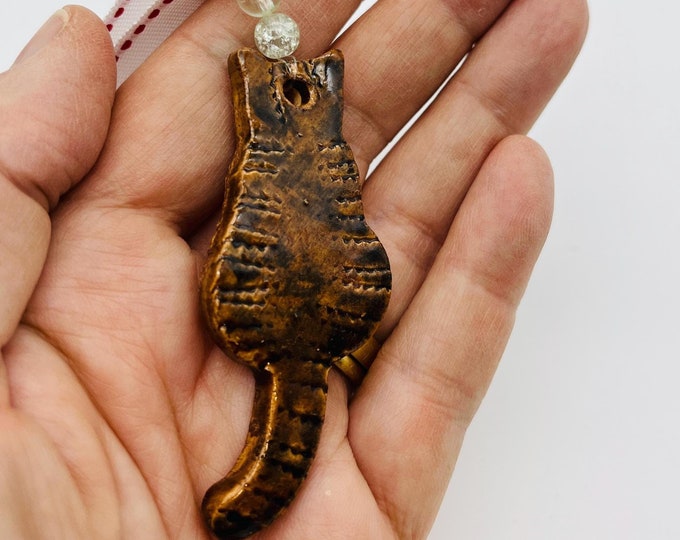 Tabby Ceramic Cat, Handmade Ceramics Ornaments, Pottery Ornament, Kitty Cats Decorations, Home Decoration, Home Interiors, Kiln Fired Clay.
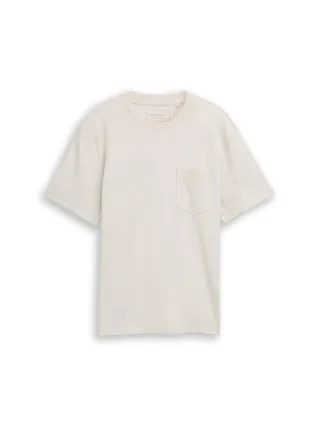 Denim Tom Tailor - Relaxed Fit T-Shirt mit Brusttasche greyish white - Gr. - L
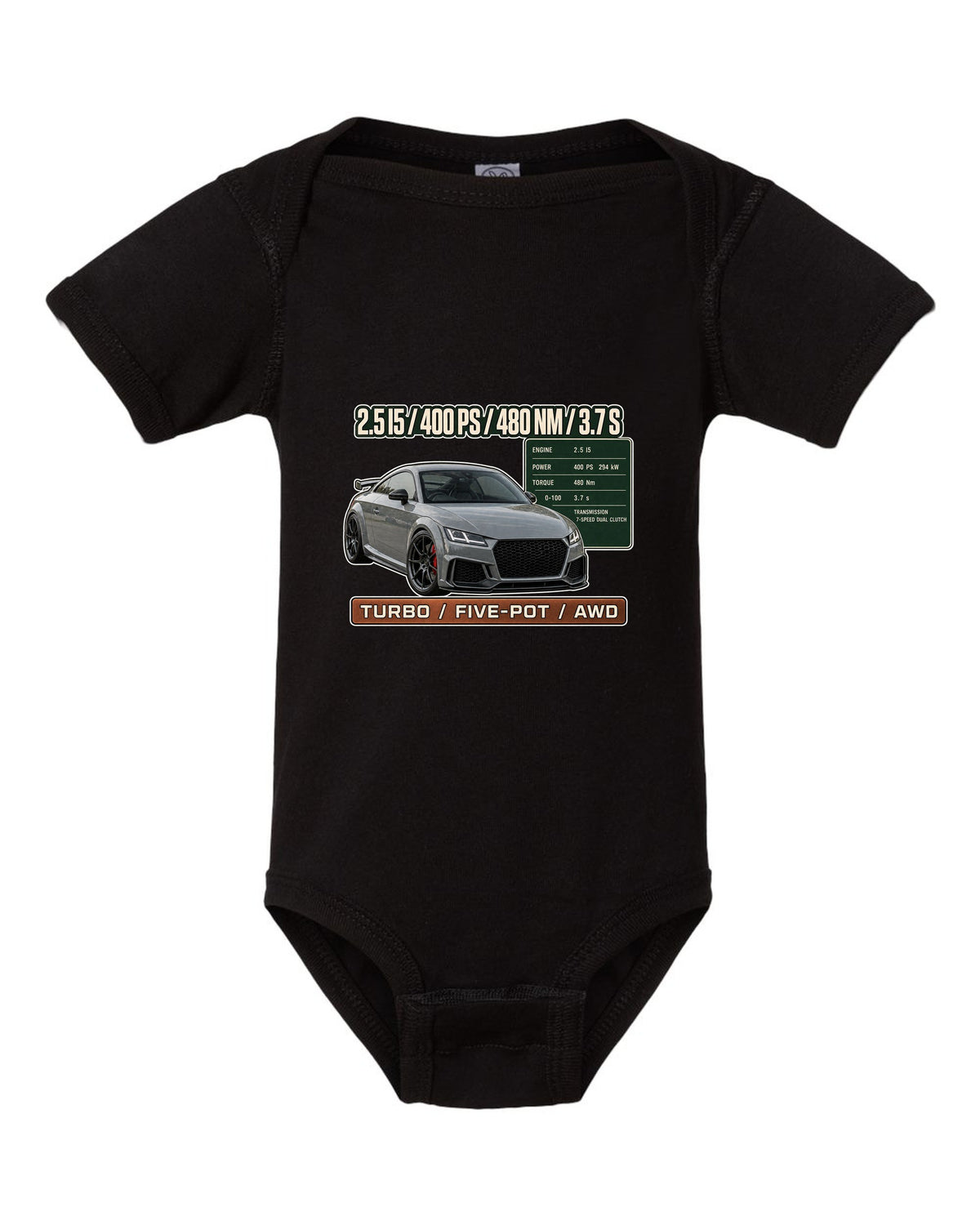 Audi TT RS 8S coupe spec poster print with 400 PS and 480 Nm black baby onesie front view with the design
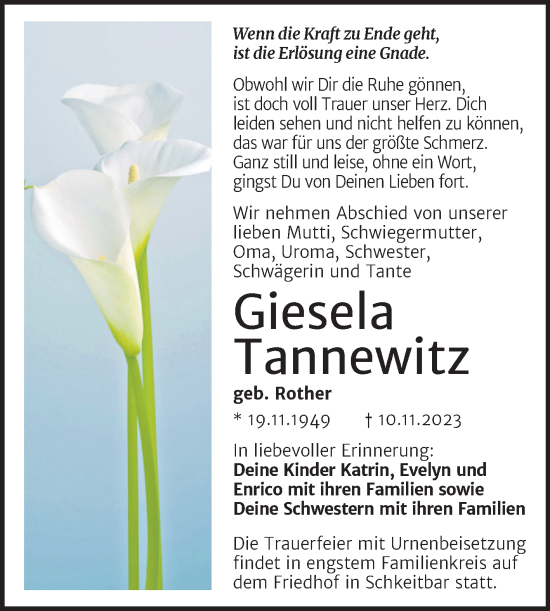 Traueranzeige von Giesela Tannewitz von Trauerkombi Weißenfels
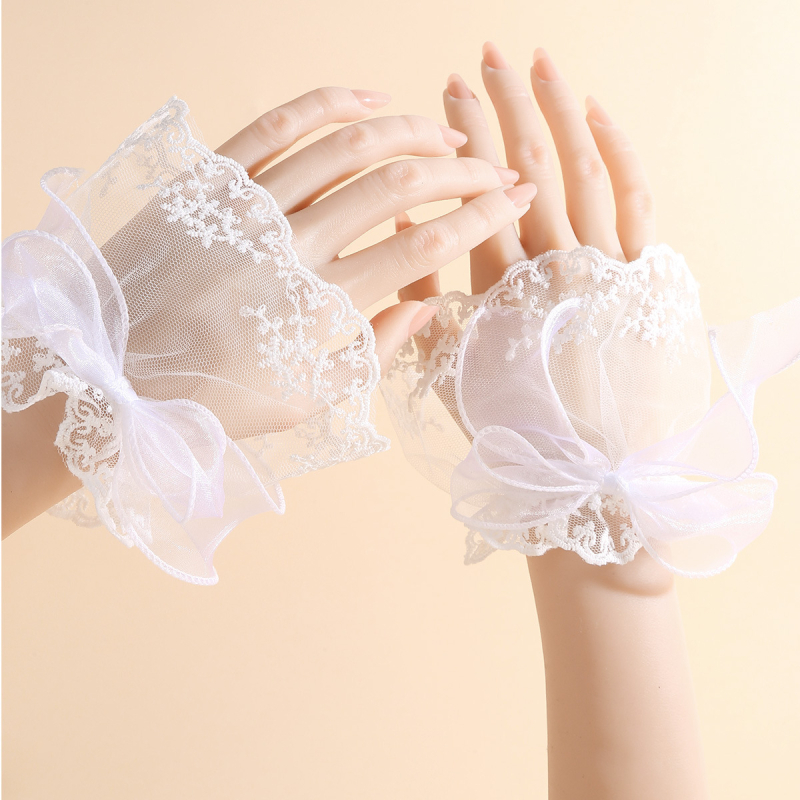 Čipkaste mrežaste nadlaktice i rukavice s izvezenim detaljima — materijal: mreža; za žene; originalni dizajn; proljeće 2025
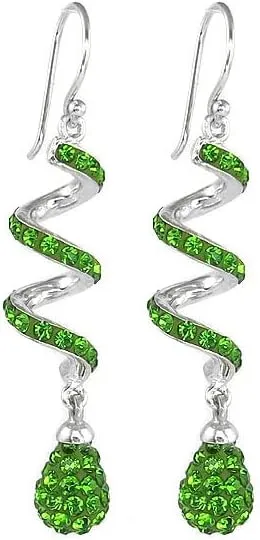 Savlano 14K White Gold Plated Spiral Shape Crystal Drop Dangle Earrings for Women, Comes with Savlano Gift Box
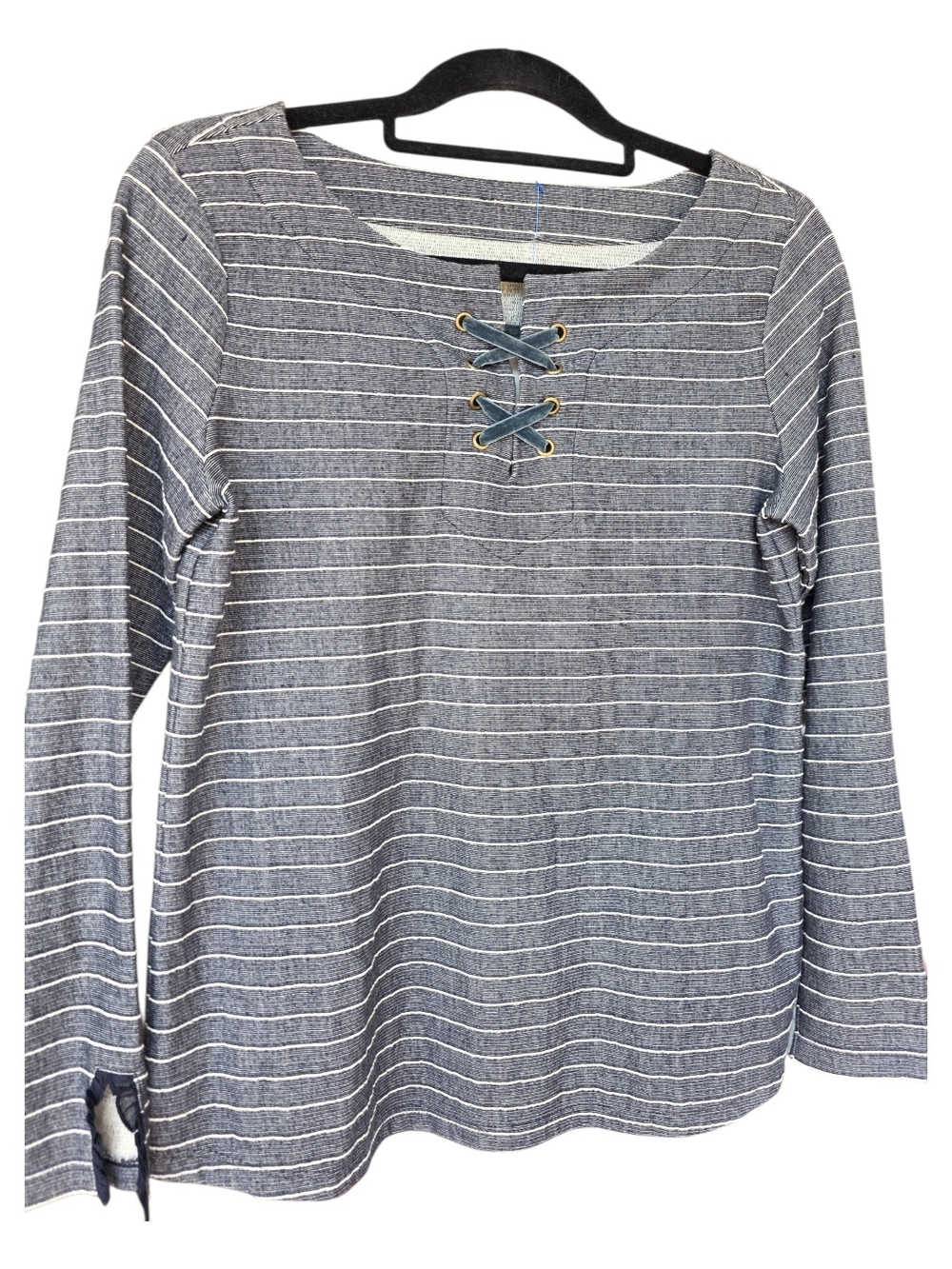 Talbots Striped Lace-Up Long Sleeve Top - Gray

Exercise prompt >>
Everything from the line with "Traueranzeige von Giesela" through the end of the records above, and nothing else, is to be quoted exactly; please leave the pictures out.

Solved exercise >>
 Traueranzeige von Giesela Tannewitz von Trauerkombi Weißenfels
 Čipkaste mrežaste nadlaktice i rukavice s izvezenim detaljima — materijal: mreža; za žene; originalni dizajn; proljeće 2025
 Savlano 14K White Gold Plated Spiral Shape Crystal Drop Dangle Earrings for Women, Comes with Savlano Gift Box
 Talbots Striped Lace-Up Long Sleeve Top - Gray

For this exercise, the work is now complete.